Sysadmin, OS, and Setup

  • The cluster will run on Debian, using an official image from Radxa.
  • We will set up users and privileges through Ansible:
    • Standardize our setup process, including building on playbooks developed for club hardware and projects.
    • A convenient way to set up the preliminary software stack.
    • This will allow us to easily reset any system without repercussion if we need to reset a system.
  • We will try strongly to set up Slurm on the cluster so that we can schedule tasks overnight when we’re away from the machines:
    • Since we are a large team, it will be easier to manage resources with Slurm as well.
  • We will follow standard processes, like disabling password-based logins (among other choices), to ensure cluster security.
  • If time permits, we’ll look into setting up a logger and optimizing CPU clock speeds.
  • GCC compiler.
  • Spack to manage and install dependencies for all users.
  • Grafana dashboard to profile cluster.
  • Prometheus and Docker to query data from the provided PDU.

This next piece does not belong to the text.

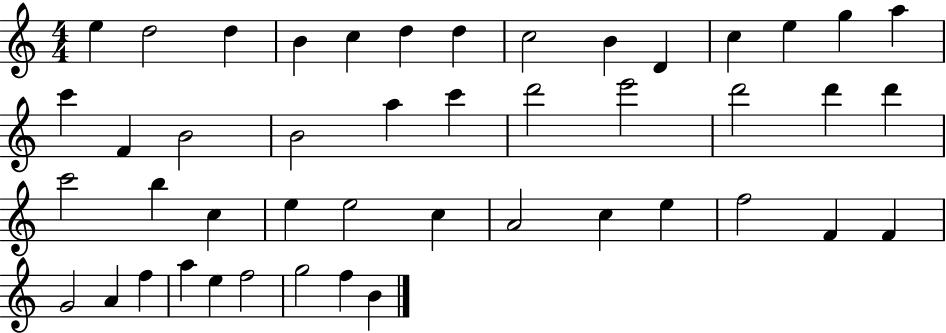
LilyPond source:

Application and Benchmark Specific Dependencies

  • STREAM: stream_mpi in Fortran or C, ssh config, mpicc, mpirun
  • Hashcat: libOpenCL.so on POCL
  • D-LLAMA: git, Python 3
  • HPL: Standard BLAS implementation, as there are no vendor-optimized versions of this library

Team Details

Aarush Mehrotra: Aarush Mehrotra is this year’s SBCC team captain. He is a double-major in Mathematics-Computer Science and Economics. He is currently an HPC Intern at SDSC. With prior SBCC and SCC experience, he brings institutional knowledge and real-world experience to the team. Aarush has experience working with machine learning benchmarks, scientific applications, and various other HPC tools. He looks forward to competing and making friends at SBCC25.

Gauri Renjith: Gauri has prior experience using high performance computing to perform genome-wide association analyses of genetic information. As a computer science major specializing in bioinformatics, she provides a unique perspective on HPC applications and is excited to explore supercomputing and its usage to understand biological problems.

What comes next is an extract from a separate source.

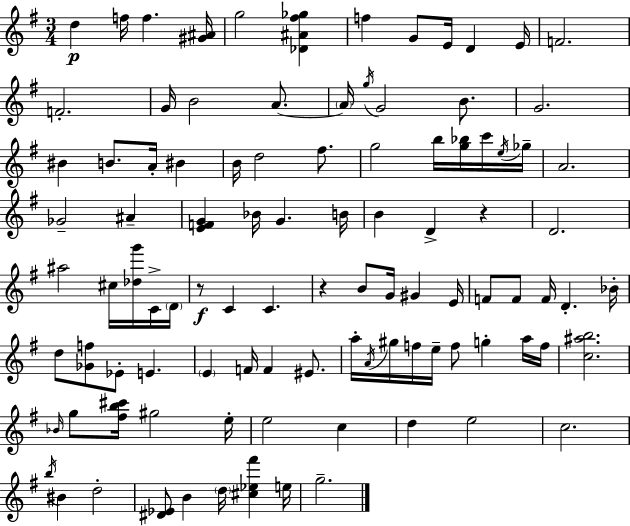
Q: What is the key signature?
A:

Ferrari Guan: Ferrari has prior experience in high-performance computing (HPC) as a network specialist and system administrator for the SCC team. As a computer engineering major, he has experience working on the hardware, the software, and everything in between. He is enthusiastic about building HPC cyberinfrastructure and solving real-world problems.

Luiz Gurrola: Luiz Gurrola has prior experience in high performance computing through SBCC as well as experience in system administration. He is interested in all fields relating to computer science and computation and is eager to improve and apply his skills.

Ryan Estanislao: Ryan has prior experience in high performance computing through last year’s SCC Home Team, analyzing runtimes on the ICON application. As a computer science major, he is interested in further understanding how to make various applications more efficient.

Shing Hung: Shing has prior experience constructing a Raspberry PI-based CPU cluster with Ceph, and conducting read/write and video streaming benchmarks through her past internship. She is excited to explore more on embedded system programming, hardware coding, and firmware design.

William Wu: William has prior experience working with hardware like Arduinos and Raspberry Pi when automating tasks for lab work. He has also competed nationally in cyber competitions and can transfer many of his skills into working on Hashcat.

Minh Quach: Minh has prior experience working with system optimization and embedded systems. She has worked on Jetson Nano-based projects, optimizing real-time computer vision applications and managing resource-constrained devices. As a computer engineering student, she is eager to apply her knowledge to building and optimizing single-board computer clusters and tackling real-world HPC challenges.